§ **EXERCISE PROMPT**:
Pictures stay out of the copy. Transcribe exactly the lines from the line with "First of all, the" through the final line of the records.

··· INFORMATION SUPPLIED

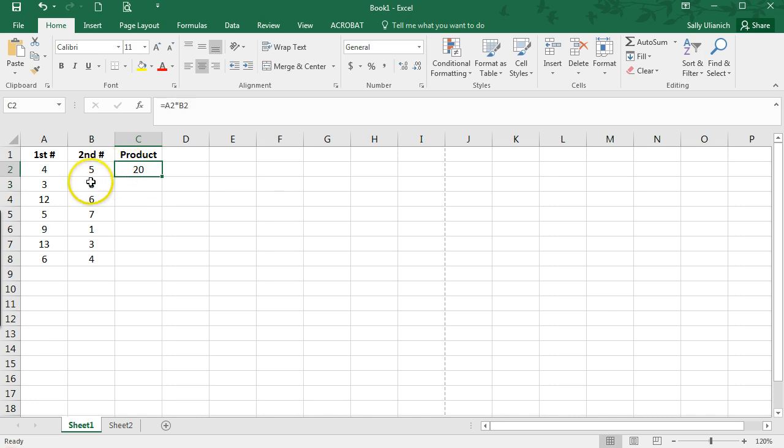I don't want to have to do that for all of these rows here. I want it to just do it automatically. So there's two ways that you can do this. Both are pretty easy.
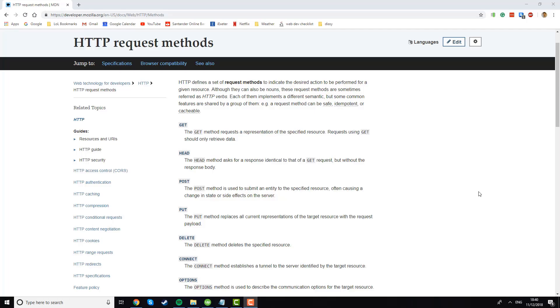Welcome back. In this video, we'll learn about HTTP request methods. So far in the course, the only method we've dealt with is the GET method, which is used to retrieve a resource from a server. So we've always been responding to GET requests, returning resources, for example, HTML documents, to the client.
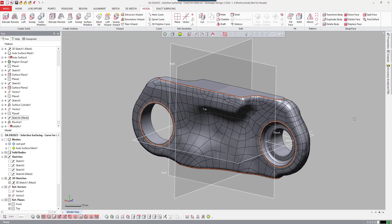In recap: we used the autosurfacing selective surfacing method with curves to define trimming boundaries, auto-surfaced a surface body, then went back and created additional surfaces to form an enclosed volume. Using the solidify command made a solid model. Thank you for watching this video — I hope you learned something. See you next time.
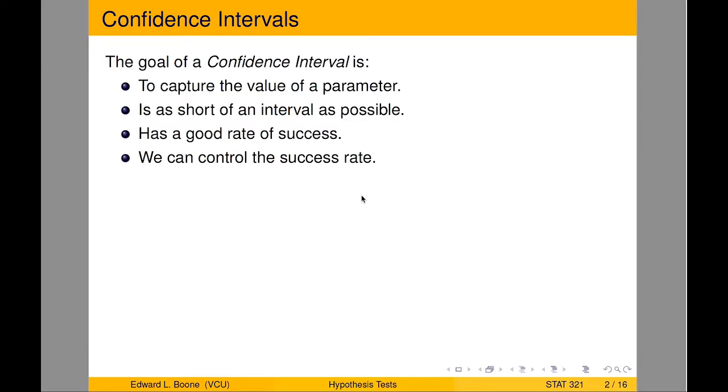Welcome to the R video tutorial on confidence intervals on the mean. This is for statistics 321 at Virginia Commonwealth University, but anybody's free to use it.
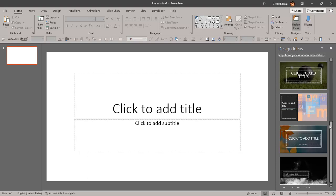First of all, the design idea task panes that you see as part of PowerPoint Designer show only in PowerPoint 365 for Windows. If you have an older version or a perpetual version like PowerPoint 2019, you will not see the design ideas task pane.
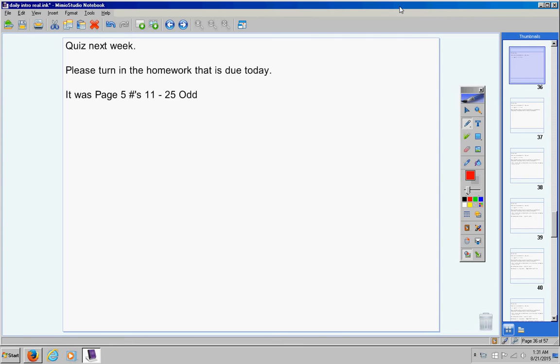There's the assignment in case you need to know what it was. Make sure your name is on your homework, please. So pause right now. Make sure your name is on your homework and then go ahead and turn it in. Mrs. Duke, if you'll please put these assignments in my box, I would appreciate it.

······

§ **RESULT BELOW**:
First of all, the design idea task panes that you see as part of PowerPoint Designer show only in PowerPoint 365 for Windows. If you have an older version or a perpetual version like PowerPoint 2019, you will not see the design ideas task pane.
There's the assignment in case you need to know what it was. Make sure your name is on your homework, please. So pause right now. Make sure your name is on your homework and then go ahead and turn it in. Mrs. Duke, if you'll please put these assignments in my box, I would appreciate it.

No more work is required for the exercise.